今年最初のメールニュースで「あらゆる環境問題の根源・原動力である「本丸」にいよいよ切り込みます」と宣言していました活動を、いよいよ本格的に始めることにしました。

そのための基盤として「幸せ経済社会研究所」を設立し、活動を始めました。

設立の思いを以下にご紹介します。3月4日に「幸せ経済社会研究所設立記念シンポジウム」を開催します。よろしければぜひおいでいただき、この時代の大きな本質的な課題について一緒に考えてみませんか。


これまで、世界の大部分では、経済成長はなくてはならないものだと(無意識・意識的に)考えられてきました。しかし、人口や経済の成長がもたらした温暖化をはじめとする環境問題の影響が明らかになるにつれ、“経済成長”についてもう一度しっかり考えようという動きが盛んになってきました。

・経済成長とは何なのか?
・その果たしてきた役割とは?
・経済成長が生み出してきたものは何か、引き起こしてきた弊害は何か?
・経済は無限に成長できるのか? どこまで成長できるのか?
GDPは実際には何を測っているのか?
・社会の進歩や人々の幸せはどうやって測ることができるのか?

地球温暖化生物多様性の減少も、問題の「症状」のひとつです。こうした多くの問題を引き起こしているのは、有限の地球のうえで、無限の経済成長を求める構造であるという認識が広がりつつあります。
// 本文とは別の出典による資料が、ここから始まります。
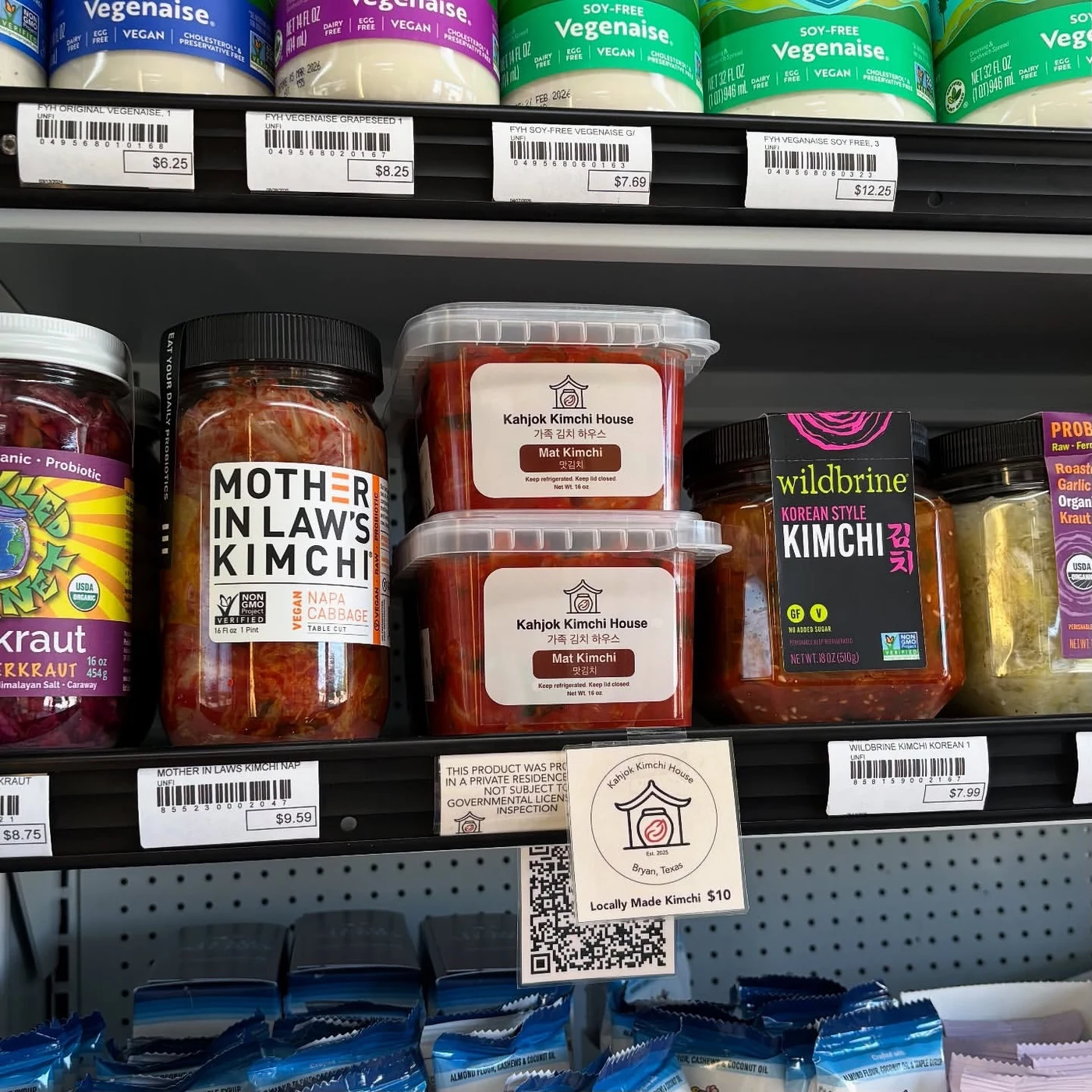 Jars of kimchi with two stacked jars of Kahjok Kimchi House mat kimchi at the center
現在のかたちでの経済成長は真の幸せにはつながらないという認識や、経済成長を前提としない幸せのあり方を模索する動きが盛んになっています。

一方で、現在の社会や経済の構造が“成長”を基盤としているかぎり、経済成長をやめることは考えられないという考え方もあり、現状ではほぼすべての政府が「経済成長」「GDPの成長」を国の政策の基盤に置いています。

「現在の経済・社会システムの中では経済成長を続けないと雇用や生活が不安定になってしまう」一方、「地球の資源やエネルギー、CO2吸収源などの限界を考えれば、永遠に経済成長を続けることは不可能である」という状況は、「経済成長のジレンマ」と呼ばれています。

近年サルコジ仏大統領の諮問によりGDPが経済指標として適切であるかを問い直す委員会の報告が出され、英国政府の持続可能な社会委員会からも「成長なき繁栄」レポートなどが出されるなど、政治的にも大きく取り上げられるようになってきました。研究者の間でも、「GDP以外の指標づくり」や「脱経済成長」(de-growthの研究が盛んに行われるようになっています。

日本でもこのテーマについて研究し、国内外に発信する機関が必要との思いから、このたび有限会社イーズは環境NGOジャパン・フォー・サステナビリティとともに、「幸せ経済社会研究所」を設立することになりました。

「社会や経済を不安定にすることなく、どう地球の限界と折り合いをつけ、真に幸せな社会を築いていくか」「社会の真の進歩や幸せを何によって測るのか」は、今後の政府、自治体、企業をはじめとするあらゆる組織、そして私たち一人ひとりにとって避けることのできない課題です。

「幸せ経済社会研究所」はこのチャレンジに正面から向き合い、調査研究/情報発信/世論形成/対話/世界の動きとのネットワークづくりといった活動を展開していく所存です。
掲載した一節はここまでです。